草わかば色鉛筆の赤き粉のちるがいとしく寝て削るなり
北原白秋『桐の花』
北原白秋の第一歌集『桐の花』(1913年)に収められた一首です。
草原に寝転がり、ナイフで色鉛筆を削っている場面を詠んだ歌です。
初句で「草わかば」という春の緑色がまず登場し、二句・三句で「色鉛筆の赤き粉の」と今度は緑色の補色に当たる赤色が現れます。
読者は緑色を思い浮かべ、すぐさまそこに赤色を思い浮かべるため、互いの色が引き立ち、色彩的に鮮やかな景を思いながら一首を読むことができるのです。
四句・結句の「ちるがいとしく寝て削るなり」という表現から、春の清々しさ、そして主体の心の穏やかさなどが伝わってきて、上句の色彩の鮮やかさをうまく和らげて一首を着地させているように感じます。
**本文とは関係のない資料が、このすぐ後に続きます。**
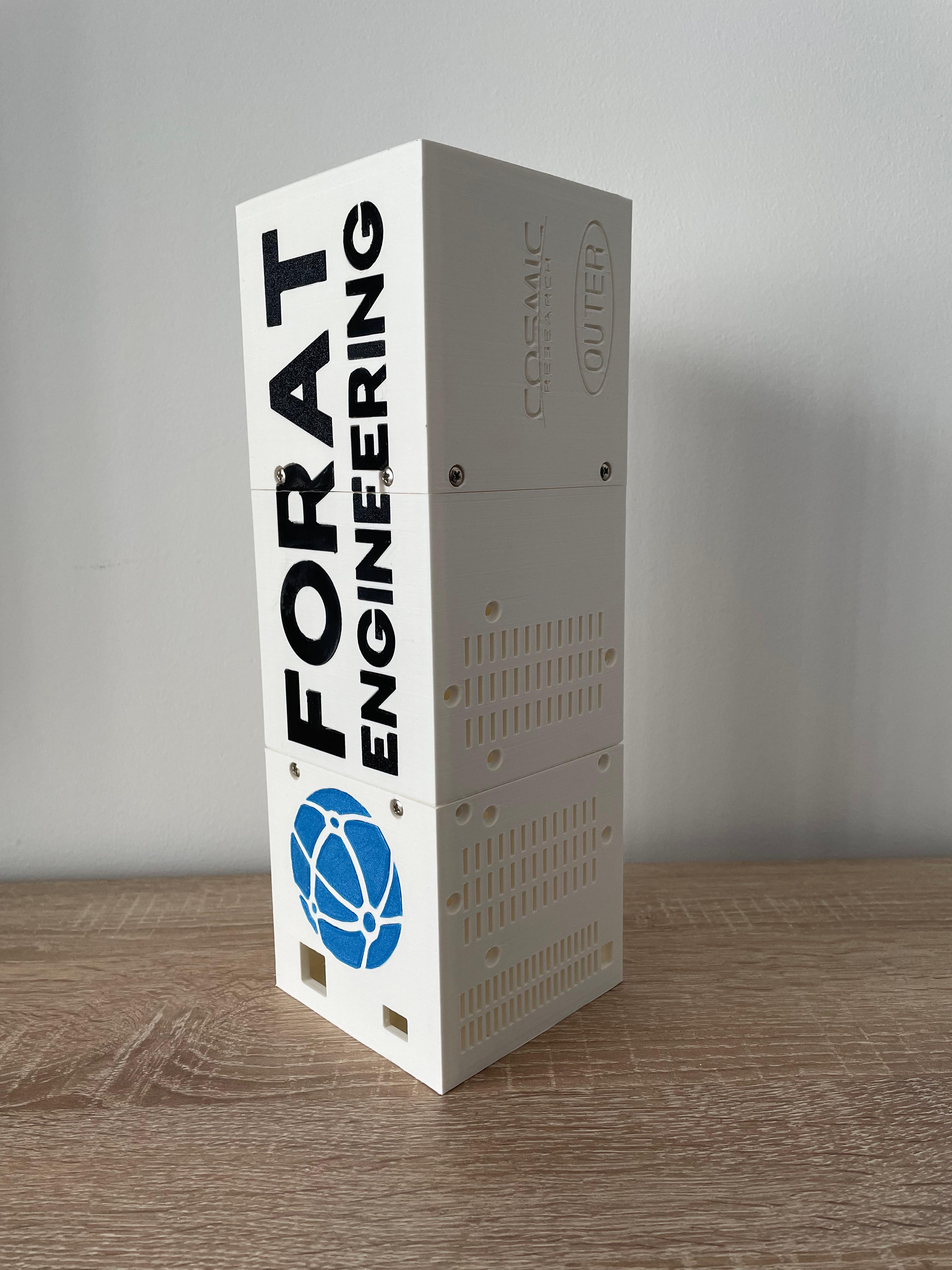 El CubeSat creat pels alumnes de l'Institut Forat del Vent. FOTO: Cedida El CubeSat creat pels alumnes de l'Institut Forat del Vent. FOTO: Cedida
掲出歌は緑と赤の対比がとても鮮やかで、視覚的なイメージを強く伴った一首であり、補色効果を最大限に活かした一首といえるのではないでしょうか。
補色とは?
色相環で正反対に位置する関係の色の組合せのことで、余色、対照色、反対色などとも呼ばれます。例えば、赤と緑、黄と紫、橙と青など。補色の効果として、互いの色を引き立て合う相乗効果があります。